I share all this because it is a contentious issue and I cannot pretend
to represent my view as a universal consensus.  It is, however, I think,
the opinion shared by people with a fair knowledge of *roff systems and
who perceive the man(7) macro language as an application of a
typesetting system and not an isolated domain-specific language for man
pages.

I got fatigued of the fight before I could share my findings about
historical Unix manuals going back to Version 2.  I get the feeling
people don't really care; they'll happily wield the club of historical
continuity when it works in their favor, and discard it as irrelevant
when it doesn't.  But I can't say _I've_ never been guilty of that
inconsistency...

> Some thoughts/questions:
> 
> * I believe that when rendering to a terminal, the use of "\-" is
> equivalent to just "-"; they both render as a real minus sign (ASCISS
> 055). Right?

It depends on the capabilities of the terminal, and specifically whether
it supports any hyphen, dash, or minus glyphs apart from ASCII 055.
None of ASCII or the ISO 8859 encodings did, and Windows-1252, which
does, is not a popular terminal encoding among Unix/Linux users.

But Unicode also does, and Unicode _is_ popular.  If you write a "raw"
roff document and render it to a UTF-8 terminal, you will be able to see
a difference.

Example:

$ printf "UTF-8 \\-1\n" | groff -Tutf8 | cat -s

Back when people started using UTF-8 terminals, confusion of - and \- in
man pages was even more rampant than it is today, and groff added
directives to the man(7) implementation[1] to deliberately degrade
glyphs to ASCII.

.\" For UTF-8, map some characters conservatively for the sake
.\" of easy cut and paste.
.
.if '\*[.T]'utf8' \{\
.  rchar \- - ' `
.
.  char \- \N'45'
.  char  - \N'45'
.  char  ' \N'39'
.  char  ` \N'96'
.\}

It was intended as a stopgap measure, but thanks to development on groff
slowing down and its maintainer retiring from the role, it's remained
the case for about a decade, and some people now regard the stopgap as
an eternal truth that must be preserved, lest all writers of
documentation defect to Markdown or something.

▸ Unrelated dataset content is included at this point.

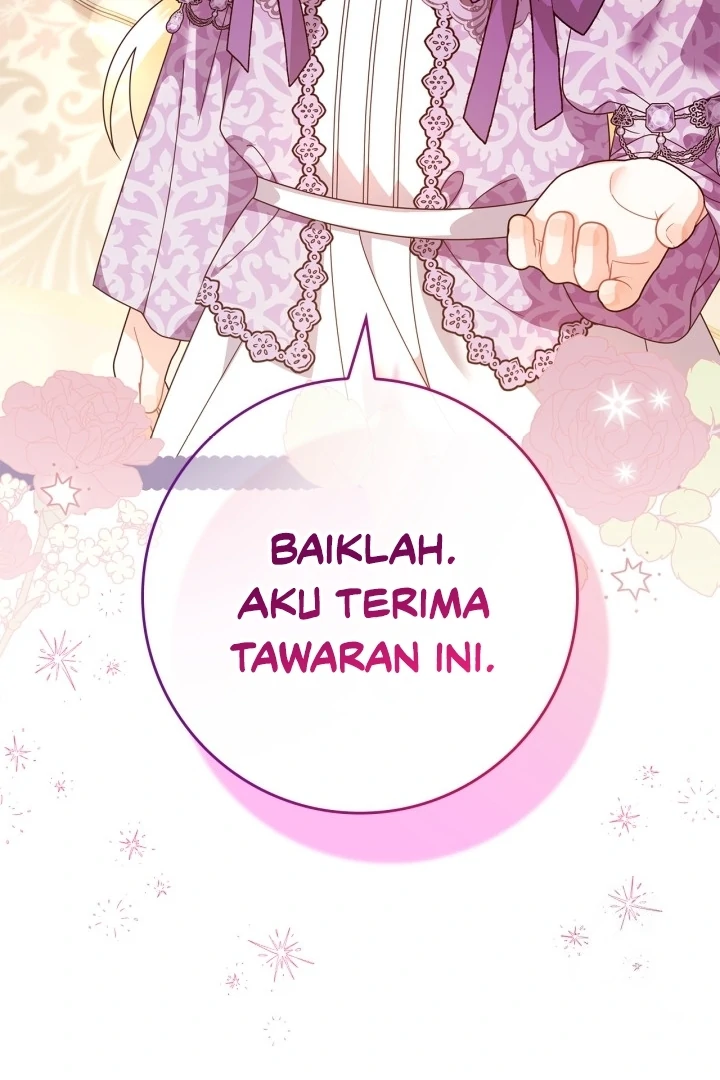 I Became the Daughter of a Ghost Duke Chapter 12 Gambar 48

The above probably should have been placed in the man.local file
instead[2][3], to encourage system administrators to make transitions
away from the stopgap as their sites or distributions deemed suitable.
I have proposed this very thing for the next groff release, 1.23.0, but
even that met with stiff resistance from the BSD camp.  They want cement
poured over the code snippet above.

> * When rendering to PDF, then "\-" and "-" certainly produce different
> results: the former produces a long dash, while the other produces a
> rather short dash.

Yes.  Specifically, the issue depends on whether a _font_ distinguishes
a hyphen from a minus sign.  (To a typographer, there's _no such thing_
as a "hyphen-minus", the ISO name for ASCII 055--or at least there
wasn't until computer character encodings forced compromises onto the
world.) But matters are made muddy by the fact that terminal emulators
impose another layer between the typesetter (*roff) and the fonts used
to draw glyphs.  groff's solution is to use the encoding of the locale
as a proxy for font coverage, which works well only if the font has
coverage for all the glyphs of interest to a document.  Over time this
has become increasingly true for fonts widely used in terminal emulators
and glyphs commonly encountered in practical documents like man
pages.[4]

> Certainly, when writing say "-1" in running text (i.e., not in a
> .EX/.EE code example), one should use "\-1", since without the "\",
> the dash in front of the "1" is rather anaemically small when rendered
> in PDF.

Yes.

> The same is true when writing options strings such as "ls -l". We
> should use "ls \-l" to avoid an anaemic hyphen in PDF.

Yes.

> When writing man-pages xrefs (e.g., utf-8), the use of "\-" produces a
> dash that is almost too long for my taste, but is preferable to the
> result from using "-", where the rendered dash is too small.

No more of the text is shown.